|Cardboard-cutout Joe Mauer with me.|
"I hope he doesn't go 0-for-4 or something."
That prediction was actually pretty close, as Mauer went 1-for-4, but that simple statement didn't even come close to what was in store for Twins faithful that Sunday, Sept. 30, during the final game of the regular season against the Chicago White Sox. It was a storybook day for Mauer, one we all know now (though there were strong hunches then) was the final time he suited up in his Twins uniform to play a Major League Baseball game.
It still seems surreal that it's over.
This past Friday, news broke that Mauer has decided to retire, based on a note he wrote addressing Twins fans with a full-page ad in the local newspapers. In September, word got around with a couple weeks left in the season that Mauer was still deciding on this, with his eight-year, $ 184 million contract set to expire at season's end. He wanted to take some time after the season to make up his mind, officially.
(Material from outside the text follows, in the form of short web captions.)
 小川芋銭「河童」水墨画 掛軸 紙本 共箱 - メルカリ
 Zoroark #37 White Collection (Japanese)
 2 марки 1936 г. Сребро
But really, after all the pomp and circumstance during his final game, it would almost be awkward to have him return next season. And heaven forbid the St. Paul native and Cretin-Derham Hall grad choose to sign some one-year deal with another MLB club.
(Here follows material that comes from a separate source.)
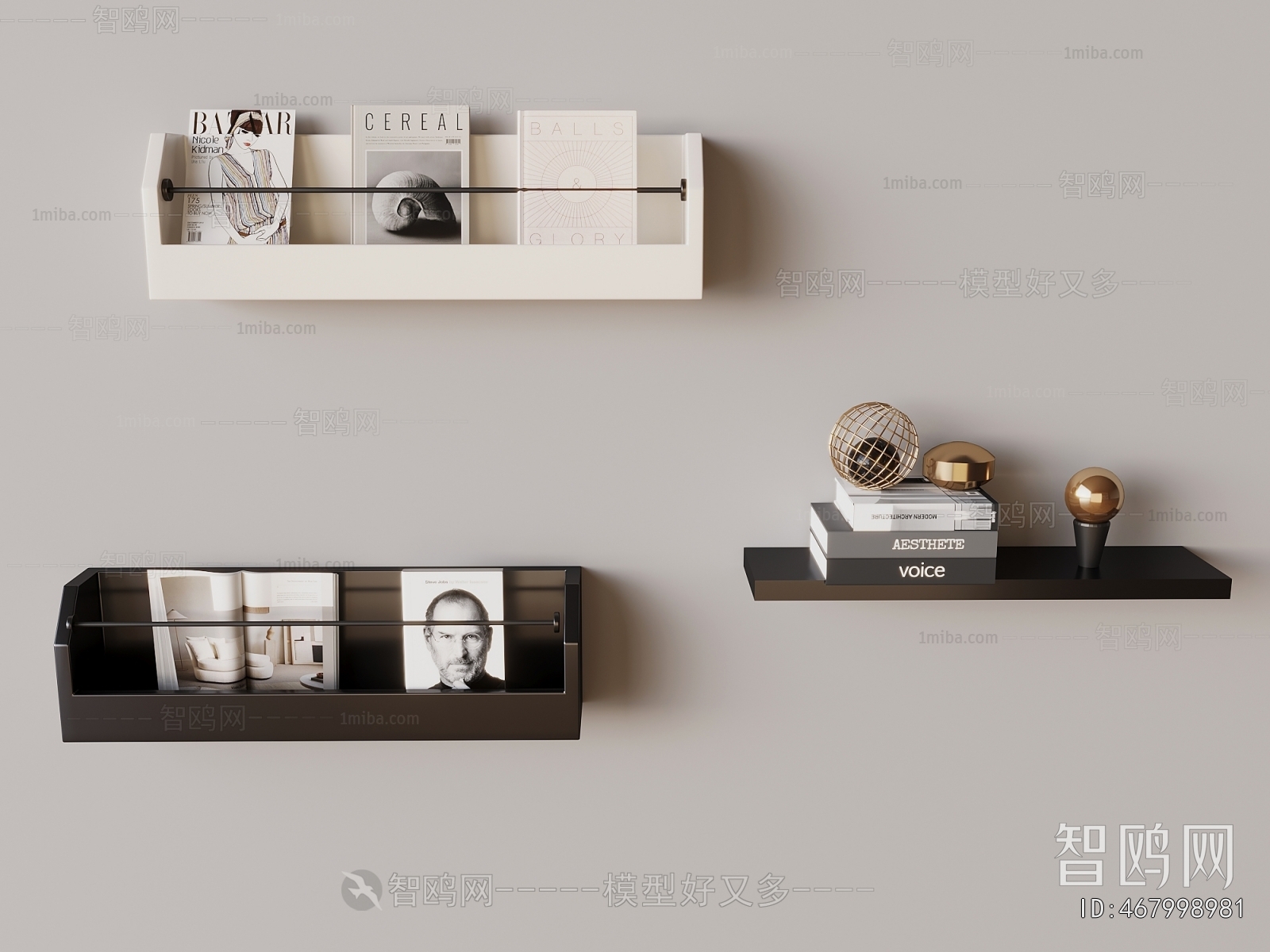 Modern Bookshelf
Mauer decides to call it quits
I was just like other Twins fans waiting to see when Mauer would make his announcement. The Twins already had a big personnel change with the firing of manager Paul Molitor at the end of the season and then the hiring of new manager Rocco Baldelli. But Friday I wondered aloud to my parents, asking when Mauer was going to announce his retirement. A few hours later, the answer was out there. I swear I'm not psychic.
The tributes and well wishes have rolled in for Mauer over the weekend, and he's set for an 11 a.m. press conference Monday at Target Field for the official announcement. Despite all the ups and downs of his career as an offensive catcher and defensive first baseman, with the concussions issues that went along with it, Mauer will go down as one of the greatest Twins to ever put on the uniform.
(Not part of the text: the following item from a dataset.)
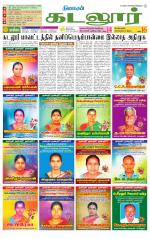 cuddalore supplement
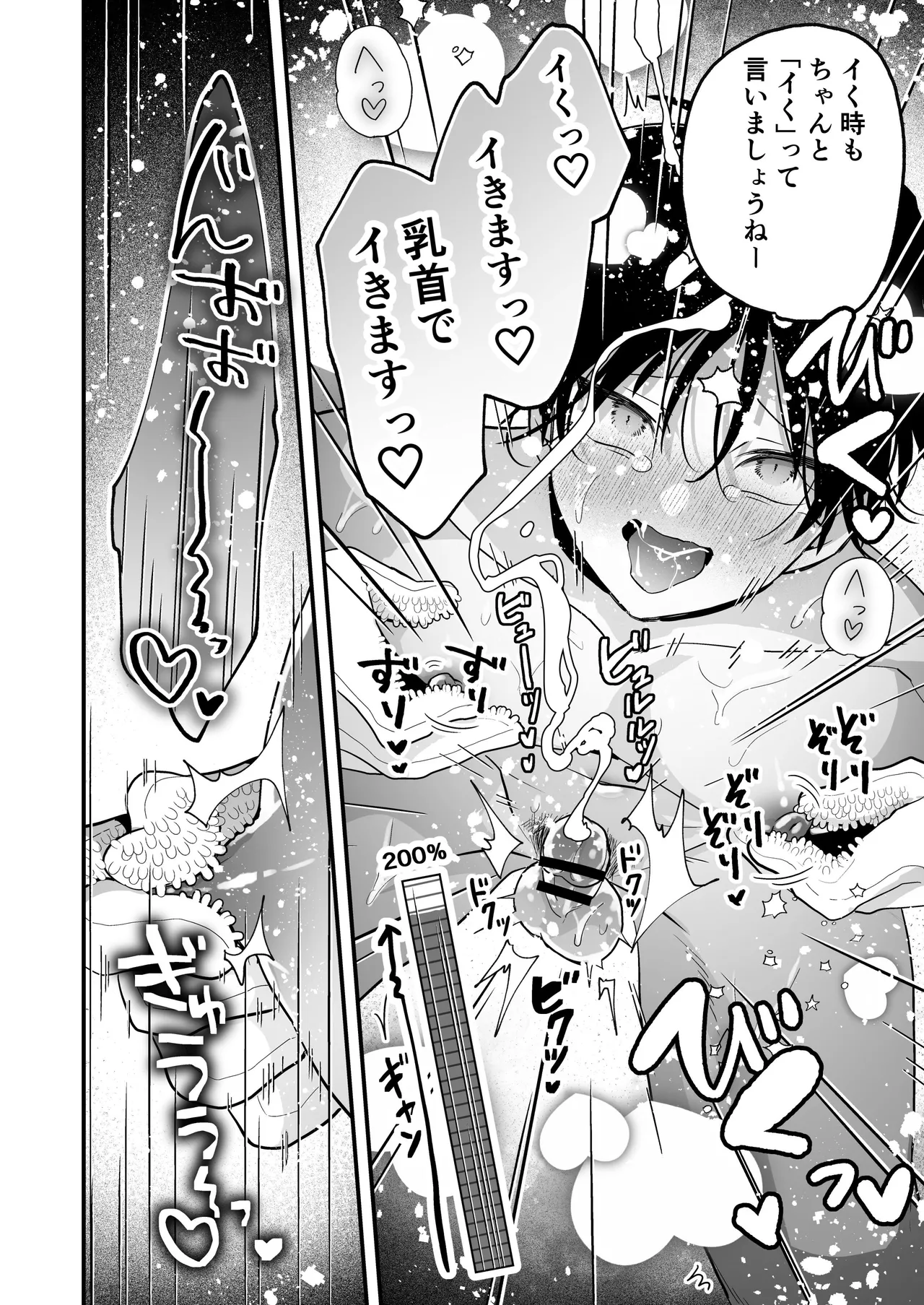 乳首納税のある世界～乳首を犯されアクメ地獄で快楽を徹底的に搾り取られる話～ - page36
I've seen a few posts on social media from people saying they've never known a Twins team without Mauer. In my ripe old age, I can say that my memory goes back a bit further than that. Hello, days of A.J. Pierzynski with Tom Prince as a backup. Still, those other people have a point. Mauer made his major league debut with the Twins in 2004 and played for 15 seasons.
His career drips with success
One of the points that I don't think gets stated enough is the fact that he'll have played his entire career with the same ball club. Playing for his hometown team is just the whipped cream on top (I don't like cherries, so it's whipped cream.). It's a point I learned about early on in my sports fandom as part of my education learning about sports and how it's a business, too. My parents would tell me about players who played most of their careers with one team before going to another for a year or two at the end of his career. Today, it's not very common for a guy to stay in one spot.
Fans know the numbers and honors by heart by now. Mauer is a three-time Gold Glove winner, six-time All-Star, five-time Silver Slugger winner and an MVP as a catcher in unprecedented territory. The now-35-year-old gave up a football scholarship to play baseball and was selected as the first overall pick by the Twins in 2001.
He finishes his career with 1,858 games, 7,960 plate appearances, 6,930 at-bats, 1,018 runs scored, 2,123 hits, a .306 batting average, 143 home runs, 939 walks, 428 doubles, 30 triples and 923 RBI. As the negative nancies like to point out, Mauer had less success in the small sample size of 10 postseason games. The Twins never won a postseason series with Mauer on the team.
It's almost hard to pick out some of the memories of Mauer's career. He was a guy that wasn't known for hitting for power. He could give you an RBI double and could smack a base hit to left with regularity to drive in runs. He set a new high bar for catchers to produce at the plate instead of just crouched behind it. He hardly ever swung at the first pitch, and his watchful eye at the plate got him on base plenty of times.A new place in #MNTwins history for Joe Mauer! He passes the great Rod Carew, registering 2,086 career hits.— Minnesota Twins (@Twins) August 25, 2018
Only Kirby has more in a #MNTwins uniform. #MauerMilestones pic.twitter.com/qPfHBTDMVa
A final season to remember
For the entire 2018 season there was speculation here and there about Mauer, since everyone knew it was the last year of his deal. The good news for fans as they could get distracted by some of the milestones Mauer reached this season, firmly setting his place deeper in Twins history.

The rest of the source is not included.